Pekanbaru, Topriaunews.com
Integritas saat ini menjadi jargon yang sering diungkapkan di berbagai forum. Semua sepakat bahwa integritas menjadi pondasi penting dalam menata masa depan bangsa. Namun, dalam praktik empirik harapan tersebut masih jauh untuk menjadi kenyataan. Tetapi kita tidak boleh berputus asa untuk terus berjuang bersama dalam menyobgsong Indonesia Emas agar menjadi negara maju dan sejahtera seluruh rakyatnya.
*"Integritas adalah kesetiaan pada nilai, bukan pada nama atau kelompok."*
Setiap tahun, pada peringatan Hari Anti Korupsi Sedunia, bangsa ini kembali diingatkan pada satu kata kunci: *"integritas"*
Kata ini terdengar agung dan ideal. Kita sering mendengarnya dalam seminar, pelatihan etika, atau jargon birokrasi. Tapi ketika masuk ke dunia nyata, terutama dalam lanskap politik dan kekuasaan, maknanya bisa bergeser, bahkan terdistorsi.
*Apa Itu Integritas?*
Secara umum, integritas adalah kesatuan utuh antara nilai, ucapan, dan tindakan. Ia meliputi kejujuran, konsistensi, dan komitmen moral. Dalam KBBI, integritas adalah "mutu, sifat, atau keadaan yang menunjukkan kesatuan utuh sehingga memiliki potensi dan kemampuan memancarkan kewibawaan."
Banyak juga yang menyebut integritas sebagai keutuhan karakter, sebagaimana dijelaskan oleh Stephen R. Covey, penulis The 7 Habits of Highly Effective People:
*“Integrity is the value we place on ourselves.”*
Artinya, integritas bukan sekadar citra, tapi siapa kita saat tak ada yang melihat.
*Kemunduran Makna: Lahirnya “Integritas Kelompok”*
Namun kini, muncul realitas baru yang mengusik nurani: integritas tidak lagi ditujukan kepada bangsa, tapi kepada kelompok.
Dalam dunia partai politik dan kekuasaan, loyalitas kepada kelompok justru menjadi standar utama. Orang-orang yang taat dan solid terhadap kelompoknya lebih cepat naik posisi—bahkan lebih dihargai daripada mereka yang setia pada prinsip dan kepentingan publik.
Maka muncul istilah baru: *"Integritas kelompok."*
Orang yang *"berintegritas kelompok"* akan:
* Jujur kepada kelompok, bukan kepada publik.
* Konsisten menjalankan agenda kelompok, bukan amanah rakyat.
* Siap menanggung risiko pribadi, asalkan melindungi nama besar kelompok.
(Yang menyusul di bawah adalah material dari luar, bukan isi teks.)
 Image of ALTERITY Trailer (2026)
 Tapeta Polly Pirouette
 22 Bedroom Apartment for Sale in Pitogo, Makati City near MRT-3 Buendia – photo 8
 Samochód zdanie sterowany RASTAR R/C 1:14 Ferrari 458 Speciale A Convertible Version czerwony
* Jika tersandung kasus korupsi, mereka rela diam. Tak menyeret nama lain, bahkan siap dipenjara demi "solidaritas". Ini bukan fiksi. Laporan Indonesia Corruption Watch (ICW) tahun 2023 menunjukkan bahwa mayoritas pelaku korupsi adalah kader partai atau orang dekat kekuasaan, namun jarang ada efek berantai dalam pengungkapan kasus—karena satu orang tutup mulut untuk banyak orang.
*Mengapa Ini Berbahaya?*
Fenomena ini sangat berbahaya karena membajak makna integritas. Ia menjadikan politik bukan lagi soal nilai, melainkan soal transaksi. Seorang “berintegritas” tak lagi berarti jujur dan berpihak pada rakyat, tapi loyal terhadap kelompok, bahkan jika itu berarti menyembunyikan kejahatan.
Inilah distorsi integritas.
Ketika “jujur kepada kelompok” lebih dihargai daripada “jujur kepada negara”, kita sedang menyaksikan penggerusan moral publik secara sistemik.
*Quo Vadis, Integritas Bangsa?*
Ke mana arah integritas kita hari ini? Apakah kita masih punya harapan melihat politikus atau pejabat yang berdiri tegak untuk bangsa, bukan hanya untuk kelompok?
Apakah kita masih mungkin melihat pemimpin yang setia pada konstitusi, bukan hanya pada perintah partai?
Pertanyaan ini tak mudah dijawab. Tapi satu hal pasti: jika bangsa ini ingin keluar dari krisis korupsi, kita harus mengembalikan integritas ke tempat asalnya: kepada negara, rakyat, dan nurani. Bukan kepada elit, kelompok, atau jaringan kekuasaan.
*Penutup: Menghidupkan Kembali Makna Integritas*
Memperingati Hari Anti Korupsi tidak cukup dengan slogan. Kita perlu evaluasi mendalam:
Apakah sistem politik kita memberi ruang bagi orang berintegritas sejati?
Apakah pendidikan kita menanamkan nilai integritas sejak dini?
Apakah masyarakat menghargai kejujuran lebih dari kepintaran manipulasi?
Jika tidak, kita hanya akan melahirkan generasi yang pandai menjaga citra, tapi rapuh dalam prinsip.
Mari kita jaga integritas bukan sebagai jargon, tapi sebagai kompas moral bangsa. Bukan demi kelompok, tapi demi masa depan Indonesia.